Time to 'beat on the brat with a baseball bat'

It's time to hit back against the accursed breed of toddlers, tweens and teens, writes Fintan O'Toole

It's time to hit back against the accursed breed of toddlers, tweens and teens, writes Fintan O'Toole

THESE PEOPLE are parasites. They live off other people's hard work. They always have their hands out looking for more. They contribute nothing to the real economy. They are utterly self-centred, viewing the whole universe through the tiny prism of their own insatiable demands. They are constantly looking for bonuses and pats on the back. They swan around with their personal shoppers, personal trainers, personal bodyguards, and even personal bloody dressers. For all the whingeing about last week's Budget, the Government deserves great credit for finally standing up to them. It's payback time.

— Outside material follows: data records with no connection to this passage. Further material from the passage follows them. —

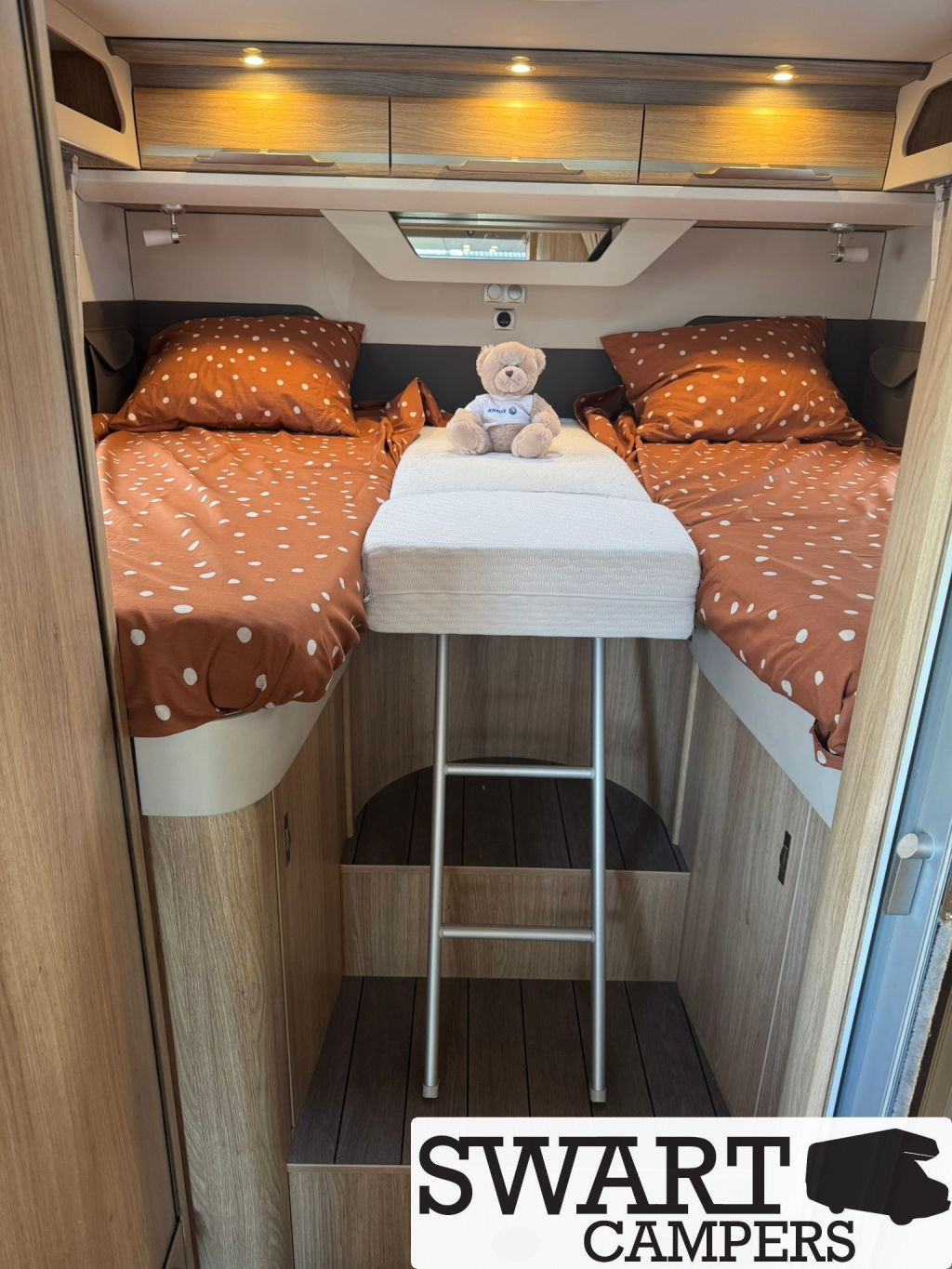 Knaus Skywave 650 MEG, Enkele bedden Hefbed foto: 17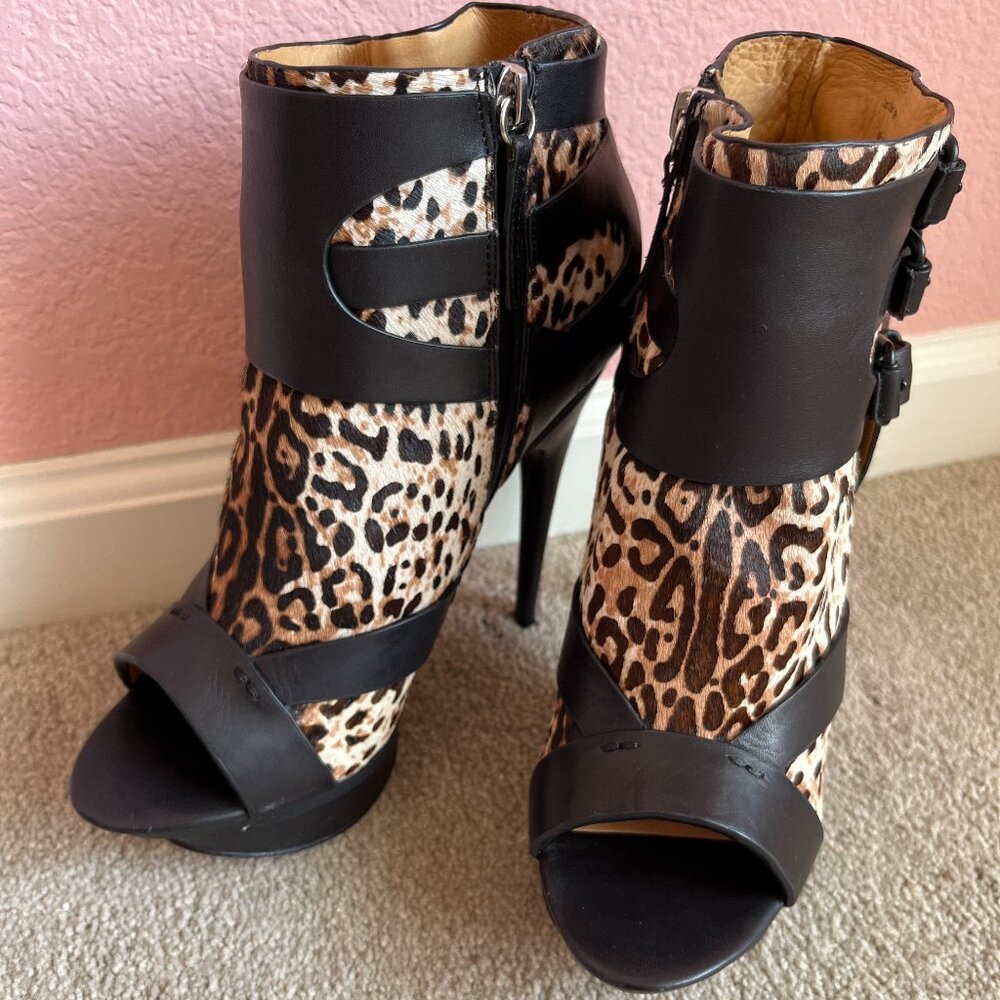 L.A.M.B Dorrie Platform Leopard Boots Sz 10 NIB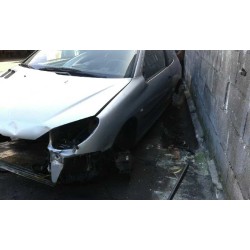 peugeot 206 berlina del año 1999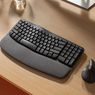 Logitech Rilis Keyboard Ergonomis Wave Keys di Indonesia, Harga Rp 1,2 Juta
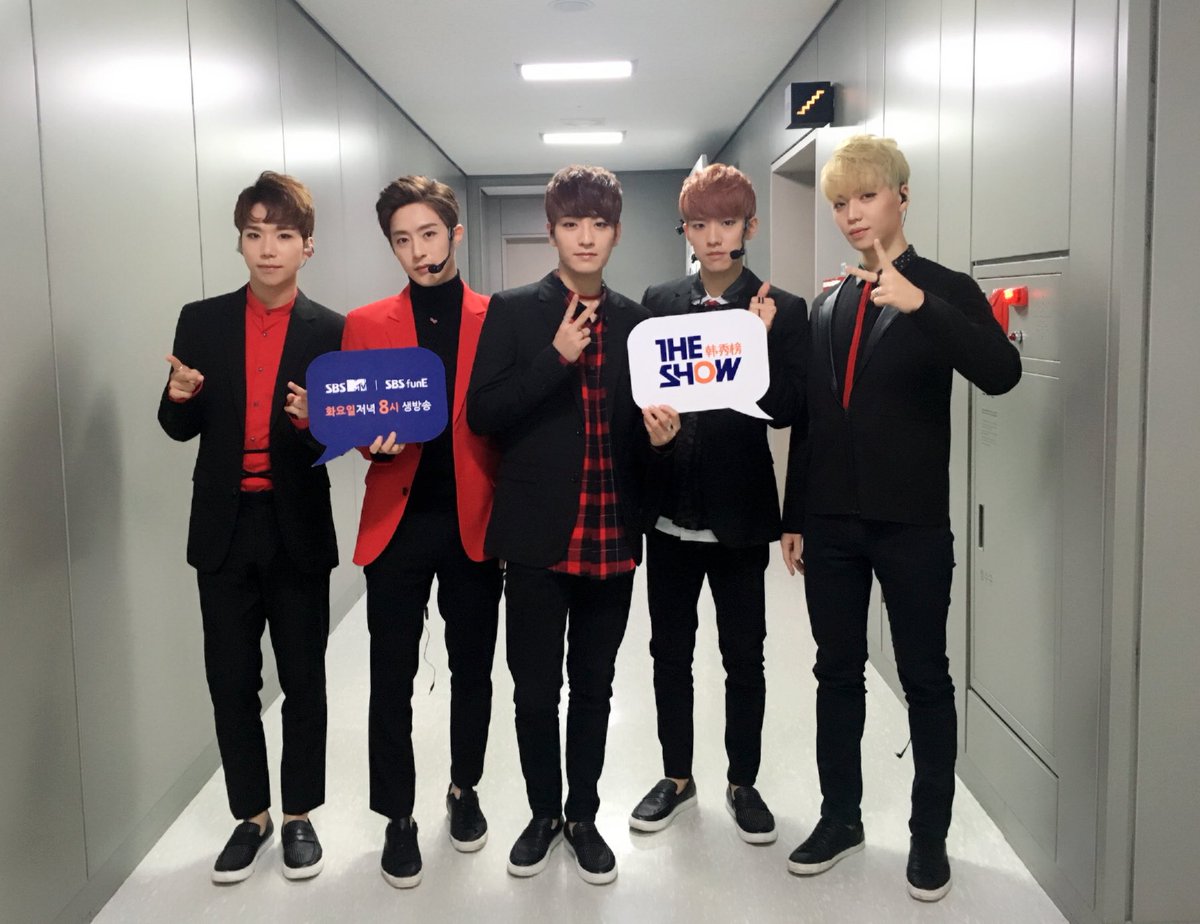 theshow_offcl's tweet photo. 오늘도 매력 #백퍼센트 충전✌🏻초고음 사이다 보컬로 귀 호강도 시켜주고 비주얼로 눈 호강도 시켜주는 세상 어디에도 없는 차칸 남자들☺️ @TOP_100PERCENT #더쇼 #THESHOW #THESHOW韩秀榜 https://t.co/BhThPnkflj
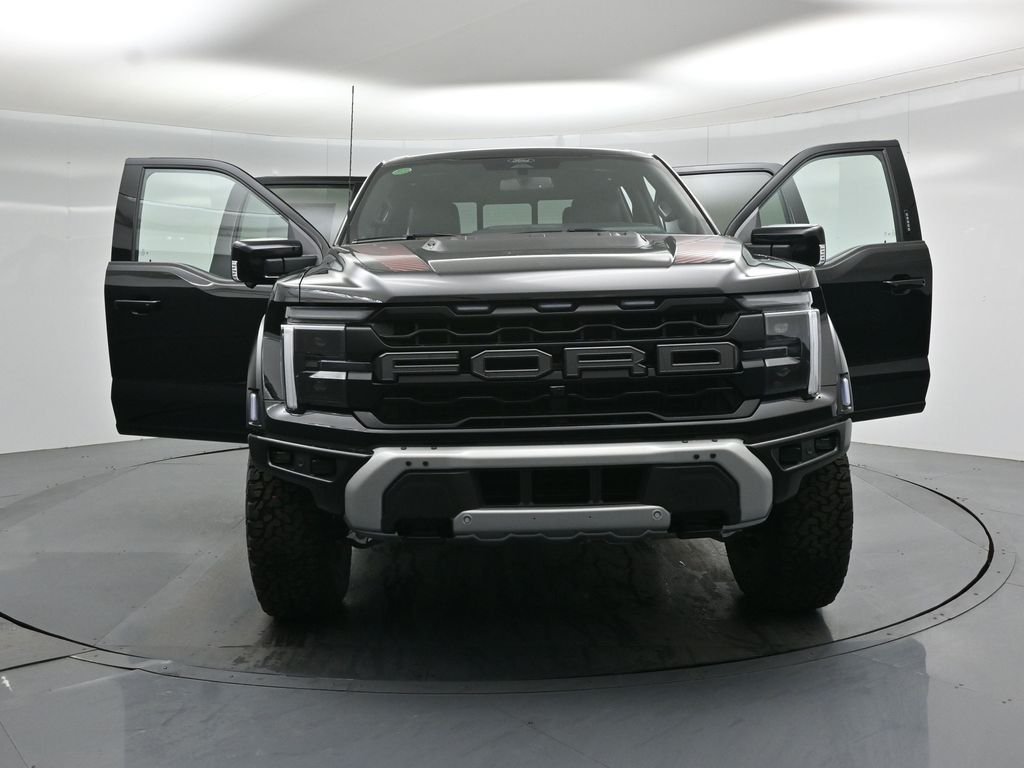 New 2026 Agate Black Metallic Ford Raptor image 32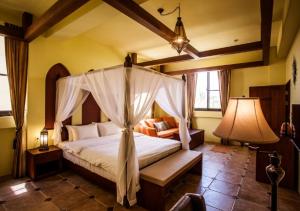 Phòng giường đôi có bồn tắm (Double Room with Bathtub)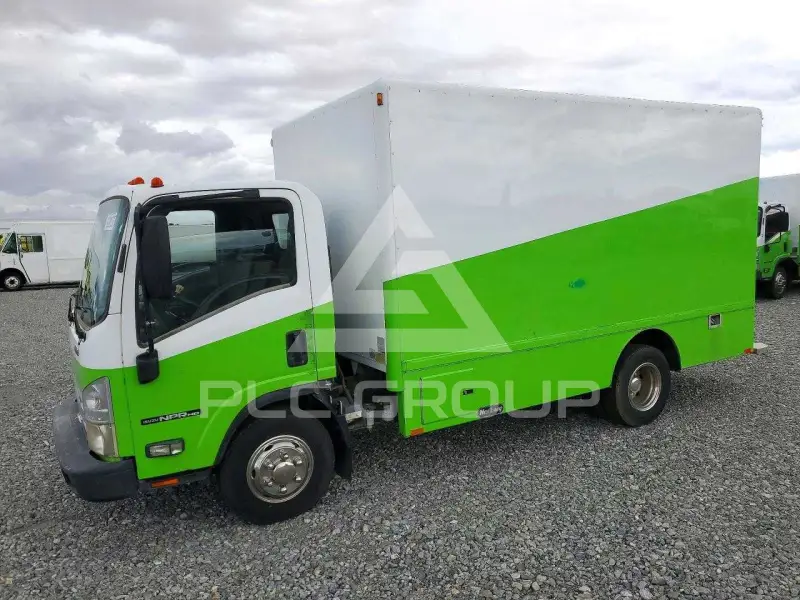 2010 Isuzu NPR фото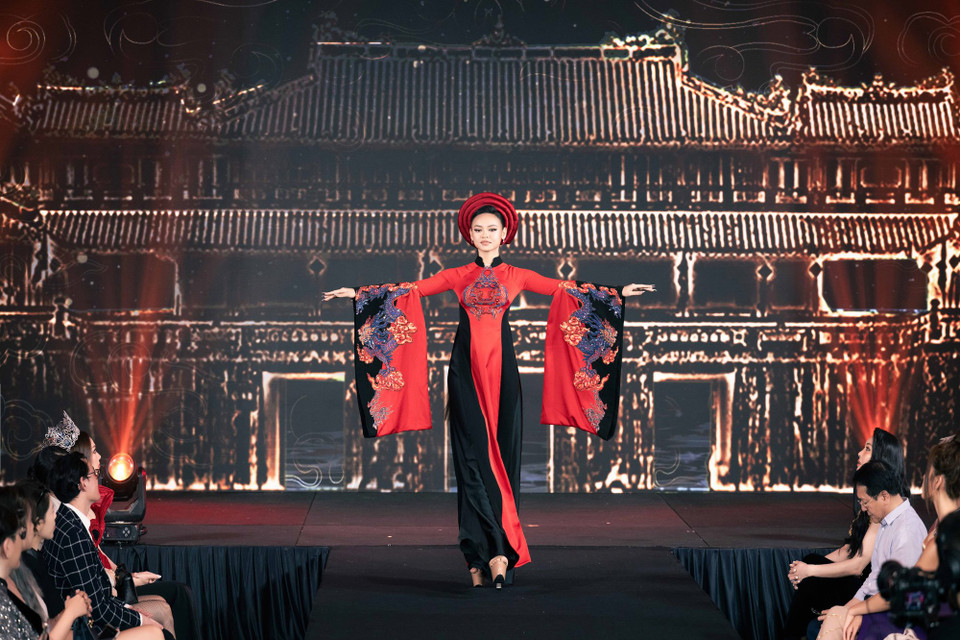 Các người đẹp diện trang phục áo dài truyền thống của Việt Nam với mong muốn lan tỏa thông điệp giữ gìn, tôn vinh vẻ đẹp của di sản văn hóa Việt. (Ảnh: CTV/Vietnam+)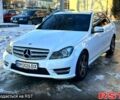 Белый Мерседес Ц-Класс, объемом двигателя 2.1 л и пробегом 95 тыс. км за 16000 $, фото 1 на Automoto.ua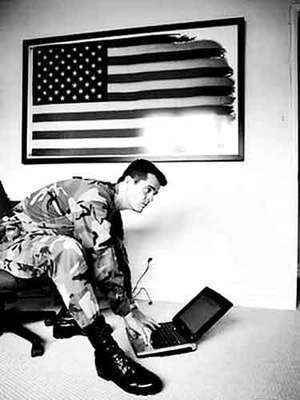 美军事博客帮布什减压 - 世界新闻报 - 国际在线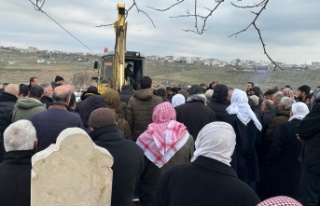 Hikmet Şayık toprağa verildi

It occurs to me that some facetious readers might misunderstand the foregoing and assume that I'm talking about bankers or property speculators. Actually, I'm talking about children. Their smug, arrogant belief that someone, somewhere owes them a living has been tolerated in the name of pinko sentimentality. Thankfully, our Government has realised that times are too tough for this kind of indulgence. Not since WC Fields kicked that annoying child in the backside in The Old Fashioned Wayhas a finer blow been struck against the little horrors. In the immortal words of the Ramones, the Government has decided to "beat on the brats with a baseball bat".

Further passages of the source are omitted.